BEGIN Source material
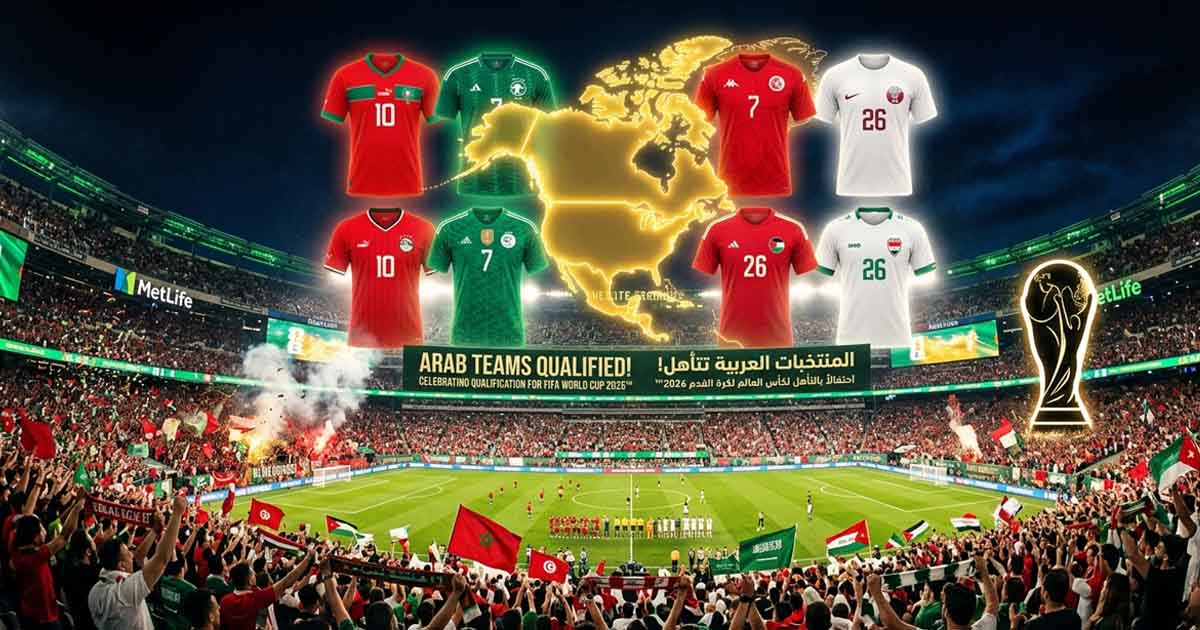 Eight Arab Teams at World Cup 2026 — An Unprecedented Historic Achievement and Fiery Derbies Await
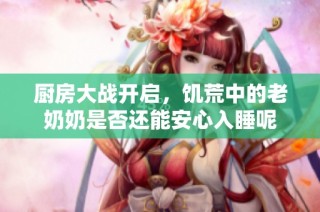 厨房大战开启，饥荒中的老奶奶是否还能安心入睡呢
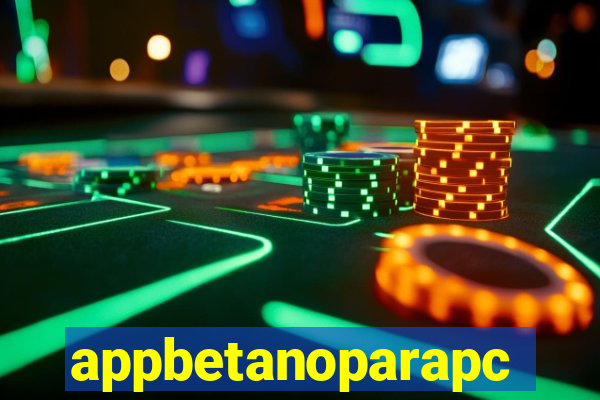 appbetanoparapc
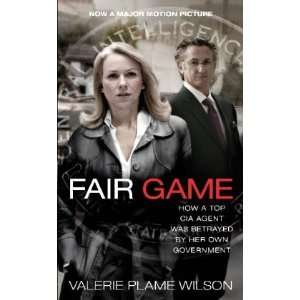  By Valerie Plame Wilson Fair Game How a Top CIA Agent 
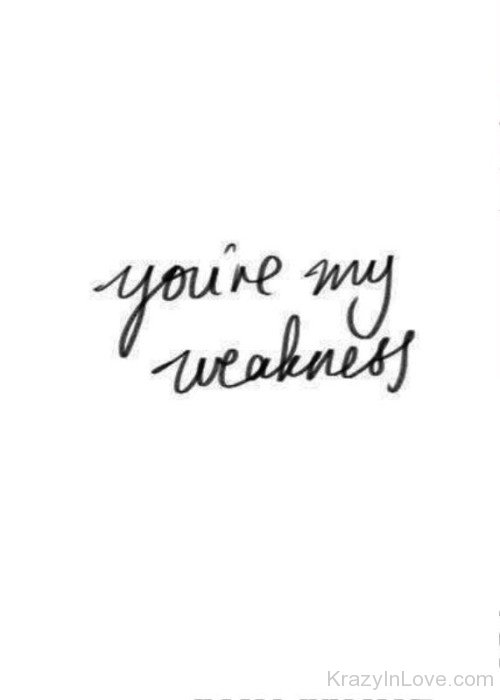 You're My Weakness-opp673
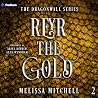 Reyr the Gold: Th...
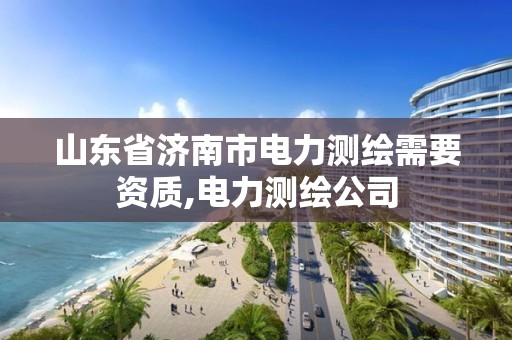 山東省濟南市電力測繪需要資質,電力測繪公司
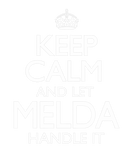 Discover Keep Calm Melda Name First Last Family Funny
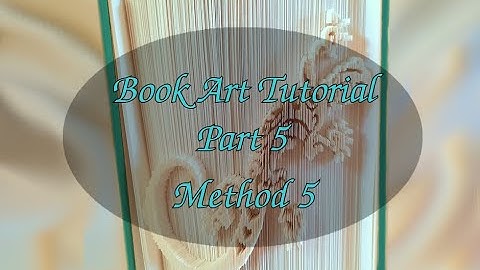 Method 5 - Simple Positive Cut and Fold method - Book Art Tutorial - Part 5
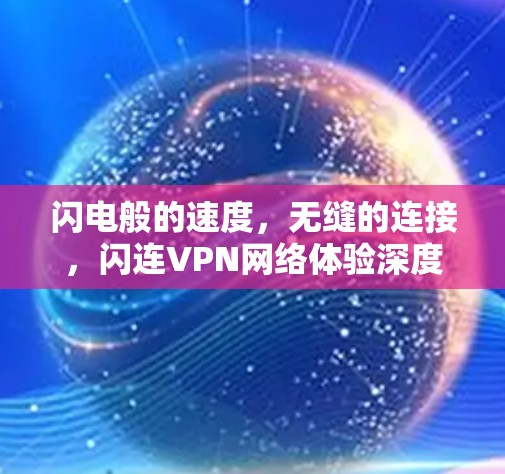 闪电般的速度，无缝的连接，闪连VPN网络体验深度分析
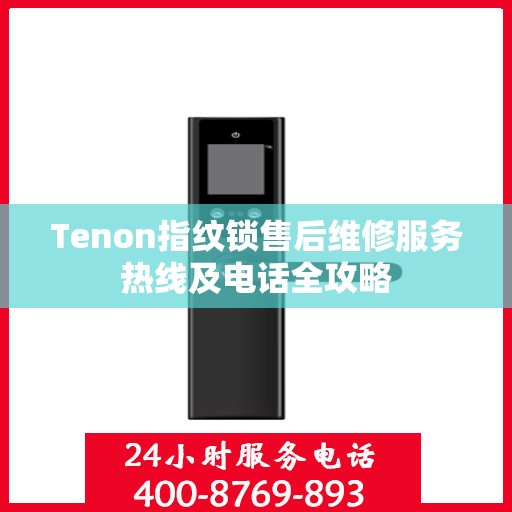Tenon指纹锁售后维修服务热线及电话全攻略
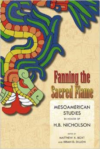 Fanning the Sacred Flame: Mesoamerican Studies in Honor of H.B. Nicholson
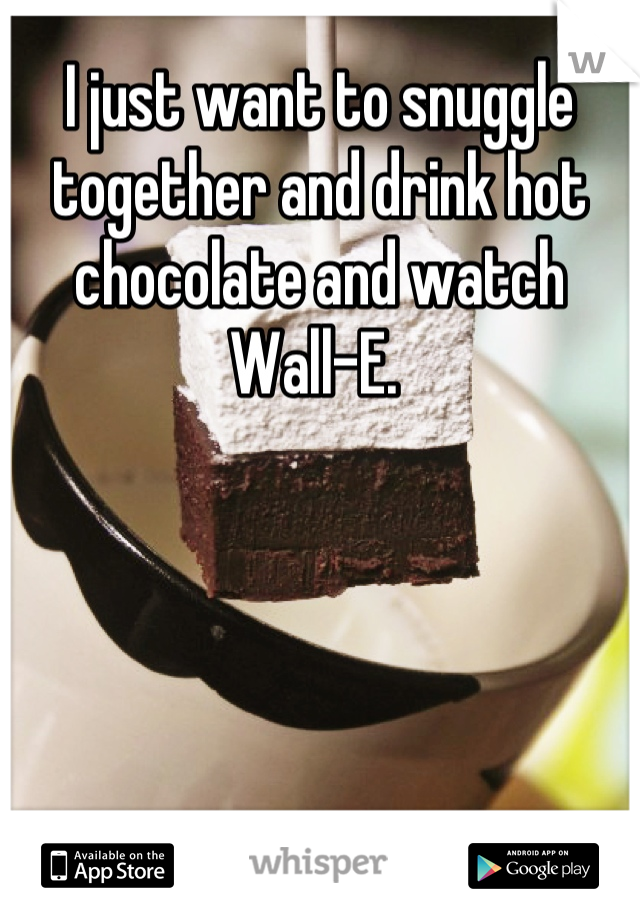 I just want to snuggle together and drink hot chocolate and watch Wall-E. 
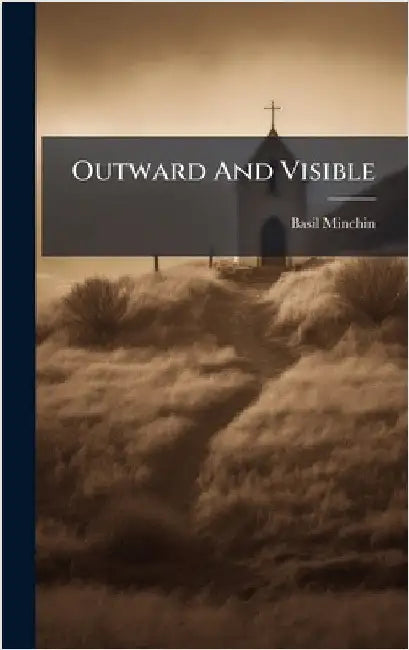 Outward And Visible by Minchin, Basil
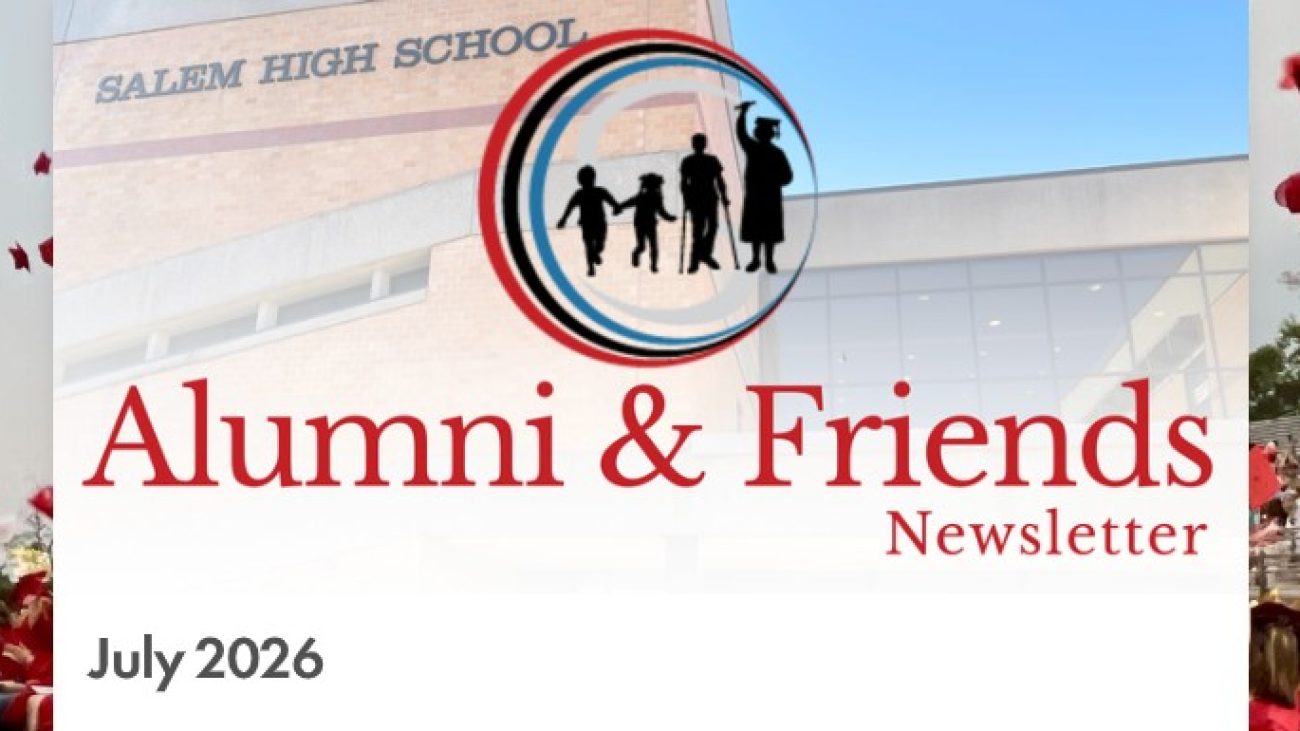 Salem High School Alumni and Friends Newsletter July 2026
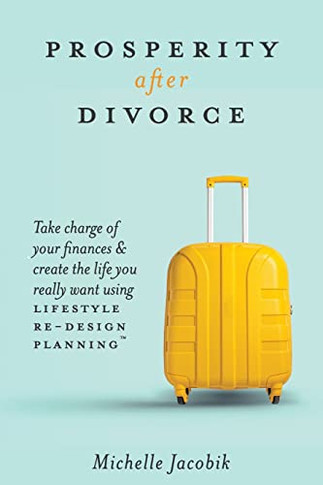 Prosperity After Divorce : Take Charge of Your Finances and Create the Life You REALLY Want Using LifeStyle Re-Design Planning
END Source material
Task statement = If an entry holds an image, omit that image and print the remainder exactly as it stands.

Solved problem =
 Eight Arab Teams at World Cup 2026 — An Unprecedented Historic Achievement and Fiery Derbies Await
 厨房大战开启，饥荒中的老奶奶是否还能安心入睡呢
 appbetanoparapc
  By Valerie Plame Wilson Fair Game How a Top CIA Agent 
 You're My Weakness-opp673
 Reyr the Gold: Th...
 山東省濟南市電力測繪需要資質,電力測繪公司
 Discover Keep Calm Melda Name First Last Family Funny
 Method 5 - Simple Positive Cut and Fold method - Book Art Tutorial - Part 5
 闪电般的速度，无缝的连接，闪连VPN网络体验深度分析
Tenon指纹锁售后维修服务热线及电话全攻略
 Fanning the Sacred Flame: Mesoamerican Studies in Honor of H.B. Nicholson
 I just want to snuggle together and drink hot chocolate and watch Wall-E. 
 Outward And Visible by Minchin, Basil
 Salem High School Alumni and Friends Newsletter July 2026
 Prosperity After Divorce : Take Charge of Your Finances and Create the Life You REALLY Want Using LifeStyle Re-Design Planning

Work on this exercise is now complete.